第218話 粘着ストーカー
「あれ?」
私はふと前方の席で立ち上がった人を見て、首を傾げた。
「どうした? 真音」
「うん、なんか知り合いの後ろ姿に似ているような気がして……」
「知り合い?」
「ああ、うん。なんでもない。きっと気のせいです」
田中マネージャーに似ている気がしたけど……。
田中マネは先日まで大御所俳優の友禅寺さんに同行して海外に行っていたと聞いた。
そして帰ったらすぐに今度は御子柴さんたちのメンズボックスの海外ロケに付き添うと聞いたけど……。
「そういえば……。御子柴さんや志岐くんはいつから海外ロケだっけ?」
このところ堕天使3のPV用レッスンで忙しくて考える暇もなかった。
「御子柴さんと志岐も海外ロケがあるのか? 夢見学園でも全然見ないけど……」
和希が尋ねた。
「うん。二人とも仕事が忙しいからね。海外ロケがあるとは聞いてたけど、詳しいことは知らないです。元気かなあ、二人とも」
私達、堕天使3の三人は芸能1組に編入したのだけれど、PVに向けたレッスンや打ち合わせで数えるほどしか学校に行けてなかった。そして御子柴さんと志岐くんも相変わらず忙しい。
志岐くんは同じクラスだけれど、いまだに和希と佳澄が学校で会うことはなかった。
「お二人の話を聞いて、その御子柴さんと志岐くんという人がいい人らしいのは分かりましたが、私は仲良くできませんからね。申し訳ないですけど……」
佳澄が念を押すように言う。
「うん。分かってるって、佳澄。無理に仲良くしなくてもいいよ」
佳澄は正真正銘の男嫌いで、カリスマアイドルの二人もうけつけないらしい。
そのあたりのことは今度会ったら二人に話しておこうと思いながら、全然会えていなかった。
そんな話をしながらなごやかに空の旅を楽しむ私達は、ビジネスクラスの仕切りカーテンから春本さんが顔色を変えて現れたことに気付いた。
そのまま私達の席を素通りして後ろのスタッフたちに何かこそこそ話している。
スタッフたちも話を聞きながら神妙な顔で肯いている。
「なにかあったんでしょうか?」
私達三人は顔を見合わせた。
やがてスタッフに話し終えた春本さんは、最後に私達三人の座席にやってきた。
「困ったことになったんだよ」
「どうしたんですか? 何か忘れ物ですか?」
「そうじゃないんだ。
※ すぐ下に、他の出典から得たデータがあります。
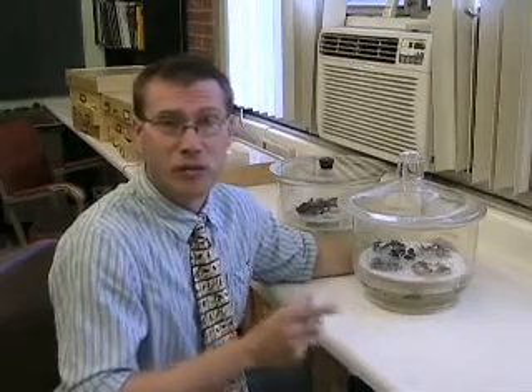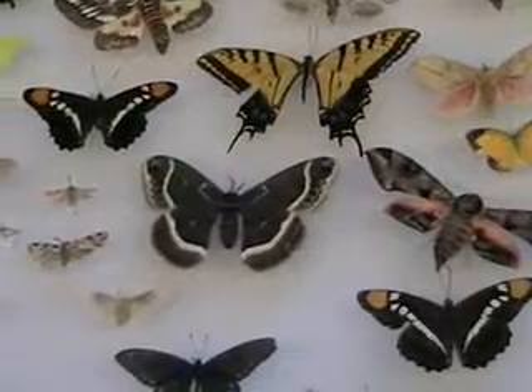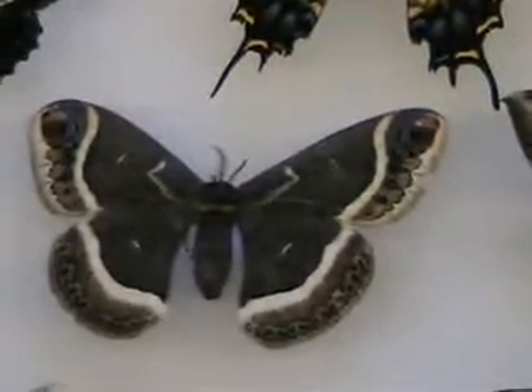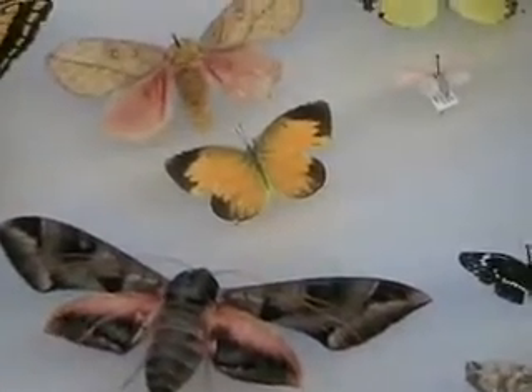After the insects have died, you take them out of the freezer, and sometimes insects can be really dry and brittle. For example, Lepidoptera — moths and butterflies. If they are not soft when you try to spread the wings, they can crack and break, kind of like old leaves or crackers.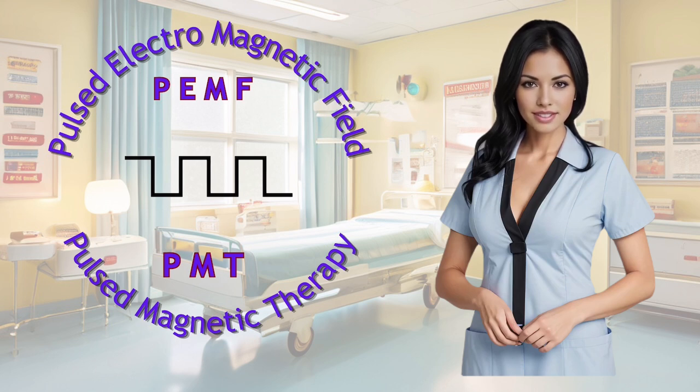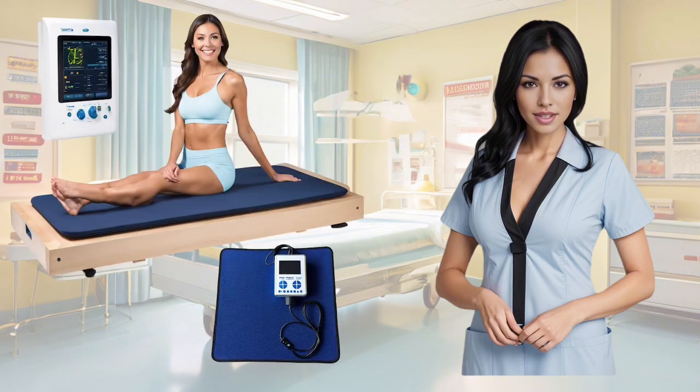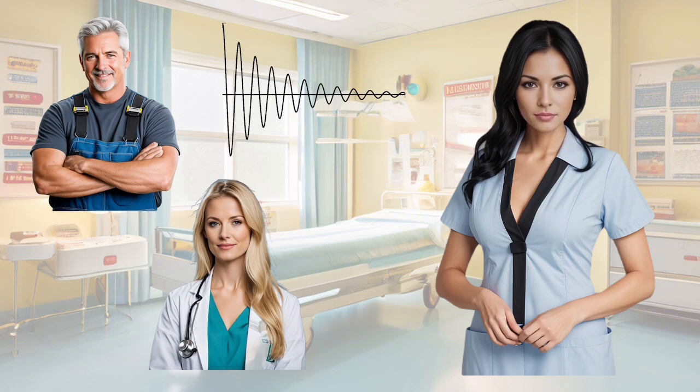A PEMF device is used in Pulse Magnetic Therapy, or PMT. It's a non-invasive and drug-free treatment that has been used for various health conditions. PMT works by delivering pulsating magnetic fields to the body, which replenishes depleted cellular energy to promote healing. A typical PMT device features a mat or blanket embedded with coils placed on the body, and the control device administers pulsating power to these coils, generating a magnetic field that penetrates into the body. It becomes crucial to ensure that your device emits the correct healing waveform.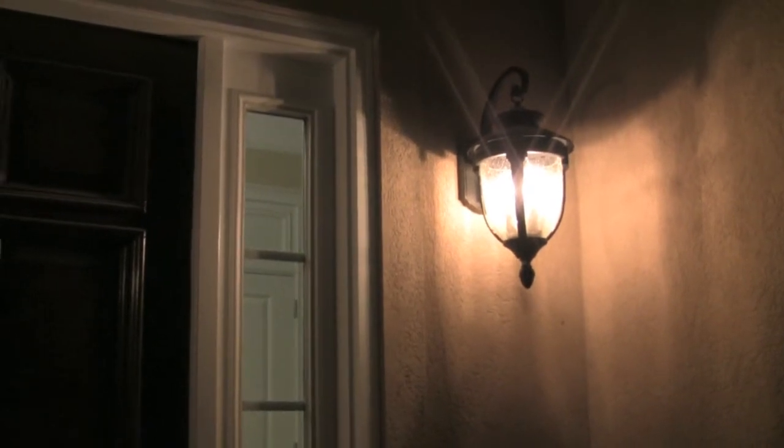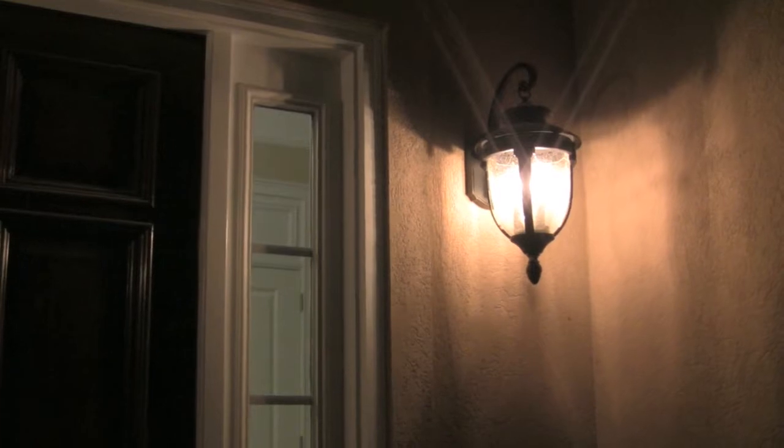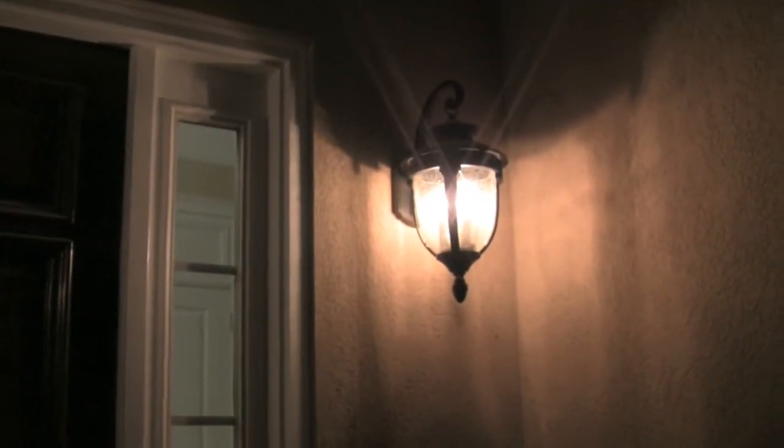Here you're looking at my front porch lights, which are connected to an X10 Decora dimmer, just the simple kind. Inside the house there are some dimmable fluorescents on a UPB dimmer, in the same box, on the same circuit. These are kind of funny.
どうやらビジネスクラスに堕天使3の熱狂的な男性ファンが乗っているらしいんだ」
「熱狂的な男性ファン?」
まだデビューもしていない堕天使3のファンなんて、地下ステージの常連など数え切れるほどの人数しかいないはずだ。いや、それよりどうやって私達が乗る飛行機が分かったのか?
私達だって空港に着くまで知らなかったぐらいなのに。
「どうやら夢見プロの事務方に内通者がいたらしい。それで同じ便に乗り込むぐらいだから、相当粘着質なストーカーファンだ」
「ええっ?! 内通者?」
「粘着質なストーカーファン?」
驚く私と和希よりも、男嫌いの佳澄が一番怖がって震えている。
「社長の話では、相当やばい粘着ファンらしい。何をするか分からない」
「そ、そうなんですか?」
あの社長がやばいって言うなら本当にやばい人なんだろう。
「今、スタッフにも充分に警戒するように伝えたが、君達も気を付けてくれ。帽子を深くかぶって、顔が見えないように。それから飛行機から降りる時も全員が降りてから最後に時間をあけて降りよう。現地に着いてからも厳戒態勢で移動する。分かったね?」
「は、はい。分かりました」
「こ、怖いわ、真音、和希」
佳澄は男性の粘着質ファンと聞いて震えあがっている。
「大丈夫よ、佳澄。私が絶対に手出しさせないから」
「そうだよ。そんなやつが近付いてきたら、ぶっ飛ばしてやる」
私と和希が怖がる佳澄をなだめた。
「とにかくそういうことだから、向こうに着いてもスタッフから離れないようにね」
こうして多くの人たちの思惑が交錯する中、飛行機はハワイ島のコナ空港に到着した。